Researchers call on British Columbians to share what they know about the risk from volcanoes | 24CA News

Technology
Published 25.01.2023
Researchers call on British Columbians to share what they know about the risk from volcanoes | 24CA News

Many British Columbians are well-versed in earthquake drills and have seemingly weathered a couple of important storms and floods of their lifetime, however how conscious are they concerning the hazards posed by a attainable volcanic eruption?

This is the query researchers at Simon Fraser University’s Centre for Natural Hazards Research are attempting to reply via a web-based survey open to B.C. residents age 18 and older. 

The 12-15 minute survey asks a sequence of inquiries to gauge how a lot individuals know concerning the location of volcanoes in B.C. and the dangers related to an eruption.
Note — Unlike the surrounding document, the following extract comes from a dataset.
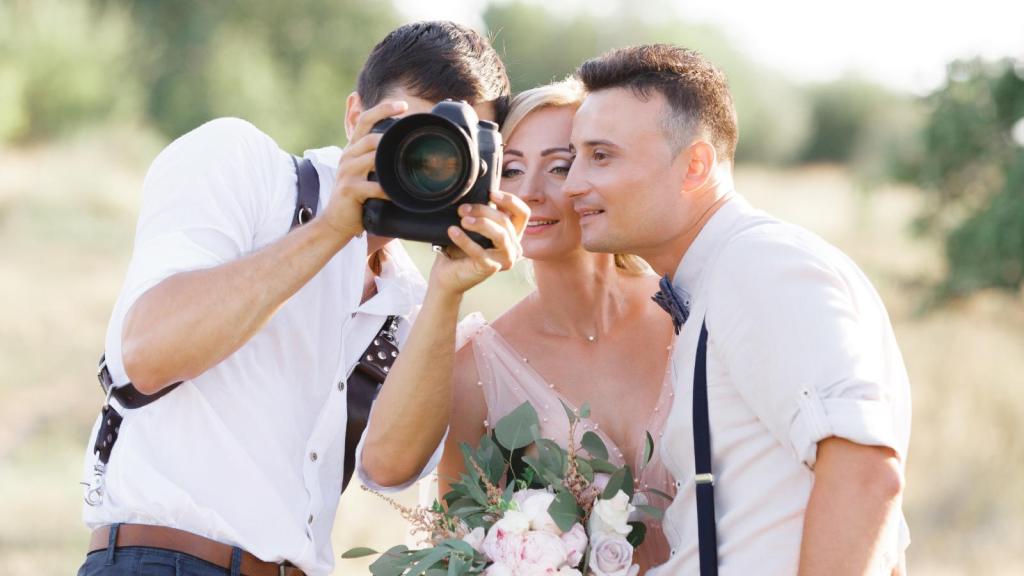 wedding photographer with couple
The survey is open till March 31, 2023.

There are a number of stratovolcanoes — the sort recognized for his or her explosive eruptions —  in southern B.C., together with Mount Garibaldi, the Mount Meager massif close to Pemberton, and the neighbouring Mount Cayley volcanic subject that stretches from the Pemberton Icefield to the Squamish River.

The purpose, says Melanie Kelman, a volcanologist with the Geological Survey of Canada (GSC), is for SFU researchers to seek out the gaps in individuals’s data to tell future academic assets. 

“We really want to know what they know so that we can give people the information that they need,” mentioned Kelman, talking to The Early Edition Tuesday.

The Early Edition5:59The explosive fact about volcanoes in BC

Volcanologist Melanie Kelman speaks with Gloria Macarenko about how the mountains are very lively across the province.

After centuries of inactivity, a volcano within the Alaskan panhandle, about 450 kilometres northwest of Prince Rupert, B.C., has lately woke up from dormancy.

Scientists have traced a swarm of minor earthquakes round Sitka, Alaska, in 2020 to magma exercise beneath Mount Edgecumbe (L’úx Shaa), round 450 kilometres northwest of Prince Rupert, B.C.

A snow-capped volcano.
Mount Edgecumbe rises within the foreground with Crater Ridge behind and to the north on May 19, 2022 (Max Kaufman/Alaska Volcano Observatory)

The City of Prince Rupert mentioned its emergency personnel had been made conscious of the regional volcanic exercise and has reviewed its emergency plans.

“At this point, there has been no local alert or hazard watch issued for our area,” mentioned town in a press release to 24CA News in November after a examine from the University of Alaska confirmed rising magma ranges beneath Mount Edgecumbe.

The knowledge-gathering work being carried out at SFU might be used to tell a bigger challenge being undertaken by Kelman and GSC to create a hazard evaluation map and data instruments.

A hazard evaluation, mentioned Kelman, should take into accounts lava circulate, volcanic ash protection, particles circulate and pyroclastic circulate, which is a fast-moving present of volcanic matter and scorching fuel that may attain speeds of a number of hundred kilometres per hour.

A black and white image of Mount Saint Helen's in Washington state erupting.
The eruption of Mount St. Helens in Washington State shot a plume of ash and smoke greater than 5,400 metres into the sky on May 18, 1980. (U.S. Geological Survey)

“The area where we have the most people close to volcanoes that pose a higher threat is in southwest B.C., but we do have volcanoes around the province, and they do threaten populations,” mentioned Kelman.

“We really want to know what [people] know so that we can give them the information that they need,” she added.

According to Natural Resources Canada (NRC), there have been not less than 49 volcanic eruptions in B.C. and the Yukon within the final 10,000 years. The most up-to-date eruption in Canada was in northwestern B.C. about 150 years in the past.

“The forces that produced these volcanoes are still active, and some of them will erupt again, although we don’t know when,” says the NRC on its web site.